> _Exercise aim_: Go through the listing below and show each line that has the word "this".
--- Supplied data ---
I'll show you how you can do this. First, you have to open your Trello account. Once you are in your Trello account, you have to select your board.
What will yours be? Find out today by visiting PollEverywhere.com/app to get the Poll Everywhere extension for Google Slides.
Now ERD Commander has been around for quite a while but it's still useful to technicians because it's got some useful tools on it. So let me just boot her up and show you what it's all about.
---
--- Supplied data ---
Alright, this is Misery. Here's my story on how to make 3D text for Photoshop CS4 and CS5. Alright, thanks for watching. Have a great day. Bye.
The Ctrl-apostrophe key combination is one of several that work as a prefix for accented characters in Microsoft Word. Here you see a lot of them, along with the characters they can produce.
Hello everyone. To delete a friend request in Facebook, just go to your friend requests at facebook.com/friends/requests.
---
> _Result below_:
I'll show you how you can do this. First, you have to open your Trello account. Once you are in your Trello account, you have to select your board.
Alright, this is Misery. Here's my story on how to make 3D text for Photoshop CS4 and CS5. Alright, thanks for watching. Have a great day. Bye.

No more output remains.